Bielorussia, il pugno di ferro di Lukashenko.

15 Mar 2011

Trentuno pagine inviate alla Commissione per la difesa dei diritti umani dell’Onu sulle violazioni in Bielorussia dopo le presidenziali del dicembre 2010. “Serve – ha detto Anna Sevortian, direttrice della filiale russa di Human Rights Watch, – una risoluzione della Nazioni Unite per mandare un messaggio forte alle autorità di Minsk. Quello che sta avvenendo deve finire”.
Domenica 19 dicembre 2010 scesero per le strade a protestare contro l’annunciata vittoria del presidente Lukashenko, circa 30mila persone, Migliaia di loro, tra cui 7 candidati, vennero fermate dalla polizia. 725 hanno subito condanne da 10 a 15 giorni di prigione, altri a pene detentive più lunghe. “Molti – denuncia Human Rights Watch – sono stati costretti a dormire per terra o a fare i turni per un letto. Le celle erano sovraffollate, alcune senza bagni. Vi sono stati casi in cui gli imputati non hanno usufruito della difesa”.
Ales Mikhalevich, anche lui ex candidato alla presidenza, ha lasciato il Paese in questi giorni e si trova in una località segreta. Ha denunciato di essere rimasto nelle mani della polizia segreta per due mesi. La Russia osserva sorpresa gli eventi, facendo prevalere valutazioni di carattere economico e geopolitico mentre alcuni suoi cittadini sono detenuti a Minsk.
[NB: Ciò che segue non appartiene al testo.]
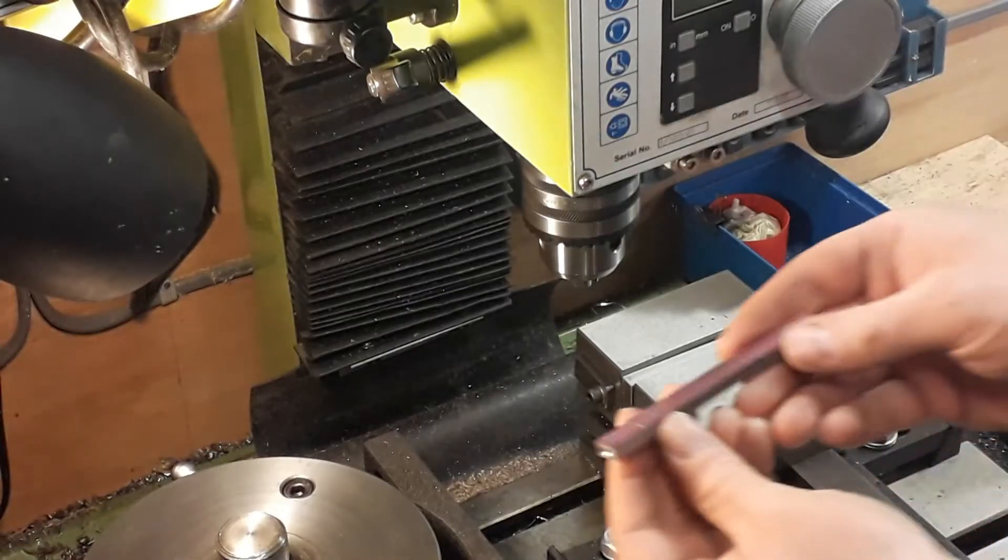Welcome back to part 8 of the Stuart S50 build. This one we're doing the con rod — quite a simple little process, just doing a taper on it using a little boring attachment with the tailstock offset. Then just doing a bit on the rotary table to give us the radius at the end using a little pin that we made. If you'd like to subscribe and like the channel that'd be fantastic — any questions please put them down below.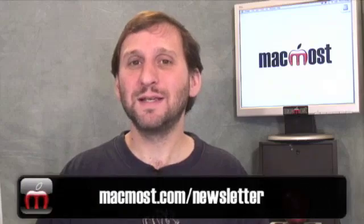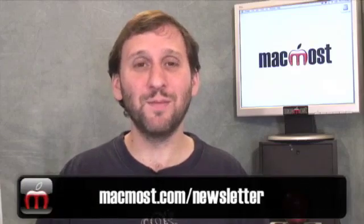There is also a way to backup over your network. So if you have several computers you can backup to a drive that is attached to only one of them. I will talk about that more in this week's tip at the site and in the MacMost Newsletter.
Unione europea e Stati Uniti preparano nuove sanzioni contro Lukashenko e la sua Amministrazione, che invero in Patria rimangono popolari per aver garantito un passaggio non caotico dal comunismo al mercato dopo il crollo dell’Urss.
Alcune considerazioni e domande sono d’obbligo: 1) in Bielorussia siamo alle solite, quindi niente di nuovo rispetto agli anni passati; 2) come è possibile che la comunità internazionale prenda decisioni così spuntate contro violazioni così evidenti ai diritti politici di manifestare? 3) Dopo i fallimenti nei rapporti bilaterali nel tentativo di ingraziarsi il suscettibile Lukashenko cosa altro può fare la diplomazia?